Suns can take this game but they can't afford many turnovers or to get bigs in foul trouble.


----------



## Seuss (Aug 19, 2005)

*Re: GT #70: Phoenix Suns (47-22) @ Detroit Pistons (49-19) - 3/24*

Less turnovers, and more quality shots will be needed to stay in with Detroit. We have to watch for Rasheed, he is the X-factor. Everyone else can be slowed down to an extent, but Rasheed will be a tough guard for Amare. Lets hope he has an off game.


----------



## Dissonance (Jul 21, 2004)

*Re: GT #70: Phoenix Suns (47-22) @ Detroit Pistons (49-19) - 3/24*

Pistons lost to the Wizards tonight. They might be a little motivated.


----------



## Hyperion (Dec 5, 2006)

*Re: GT #70: Phoenix Suns (47-22) @ Detroit Pistons (49-19) - 3/24*

Shaq shall motor the Suns through Detroit.


----------



## All Net (Nov 28, 2007)

I dont think we will have raja bell back for this game, that will cause a mismatch with LB guarding Hamilton(he is 6'7 and will abuse LB)


----------



## Dissonance (Jul 21, 2004)

Rip will just try and come off screens anyway.


----------



## Aylwin (Jan 29, 2007)

*Re: GT #70: Phoenix Suns (47-22) @ Detroit Pistons (49-19) - 3/24*



Dissonance19 said:


> Pistons lost to the Wizards tonight. They might be a little motivated.


Or they might be a little tired. Let's hope it's the latter.

I think this will be an exciting game decided by 4th quarter execution. I like how we've played in the 4th lately so I like our chances.

By the way, I'd be interested to see Nash, Grant, Diaw, Amare & Shaq start. I think that would be a good matchup for Detroit's starting 5. It would also give us more fire power off the bench. Of course, that means Skinner would have to play and we don't want to mess up our 7-man rotation, right?  What do you guys think?


----------



## ChristopherJ (Aug 10, 2004)

Revenge time.


----------



## All Net (Nov 28, 2007)

:evil:


ChristopherJ said:


> Revenge time.


Indeed :evil:


----------



## MeirToTheWise (Nov 9, 2005)

I want the Suns to embarrass them on their home floor the way they got embarrassed in their's awhile back. Send a message to the rest of the league. RAWR!!


----------



## 604flat_line (May 26, 2006)

Grant Hill will probably be the most important player for us, along with Barbosa in this game.

I don't see Shaq doing much on the offensive end this game and getting in foul trouble.


----------



## Arclite (Nov 2, 2002)

This game for me highlights the absolute ineptitude of the coaching staff. And it's only the first quarter.

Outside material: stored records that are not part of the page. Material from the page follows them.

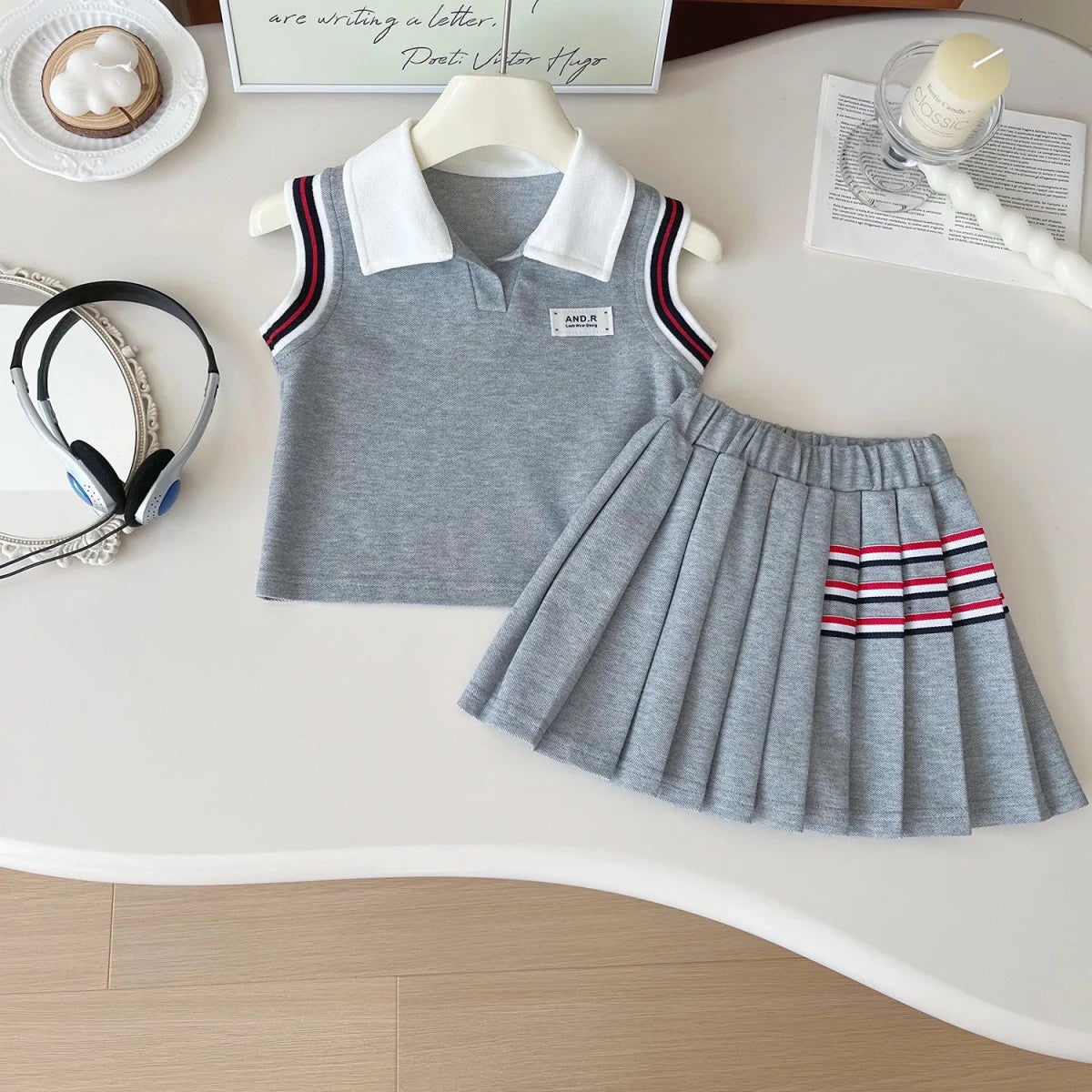 Baby Girl College Style Summer 2PCS Clothes Set Polo Collar Kid Girl Vest Top Set Thin Stylish Stripe Pleated Skirt Belle Outfit - Mom & Kids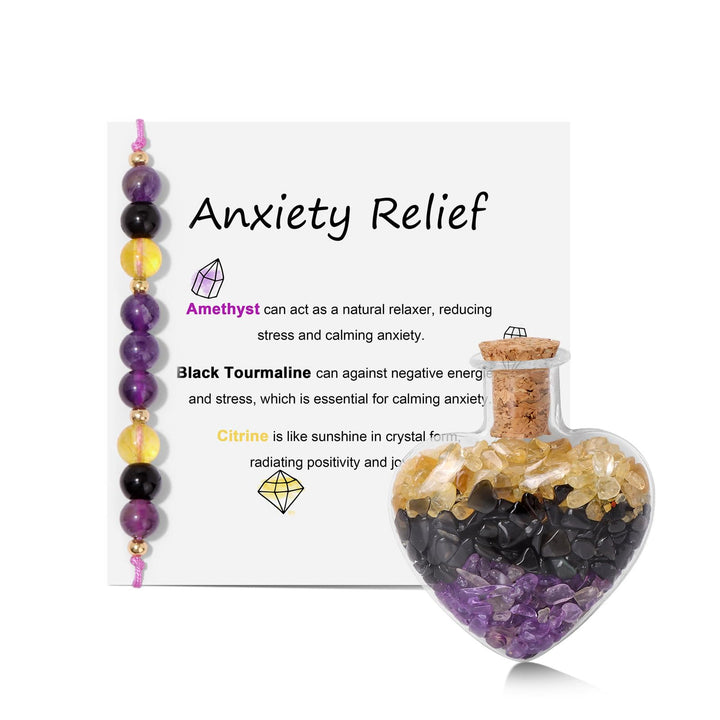 Pulsera de cristal natural con botella de los deseos, regalo curativo de Olivenorma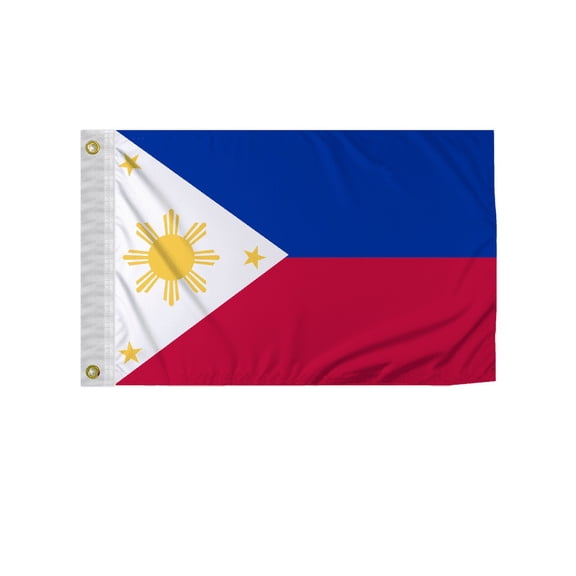 Promopatriot Philippines 12x18 inch Boat Flag 200D Nylon Double Stitched Canvas Header Brass Grommets Fade Resistant & Vivid Color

We start out in a zone against an outside shooting team. Alright, kind of odd - but whatever. Let's go with it. Sheed nails an open three. Still in the zone. Sheed nails another open three. Still in the zone. Sheed nails his third open three. WHY are we still in a zone? He hits his FOURTH OPEN THREE and we finally drop the zone. That's NOT professional grade coaching, that's not even middle school coaching. When a guy is shooting like that you put someone in his grill and force someone else to prove they can score.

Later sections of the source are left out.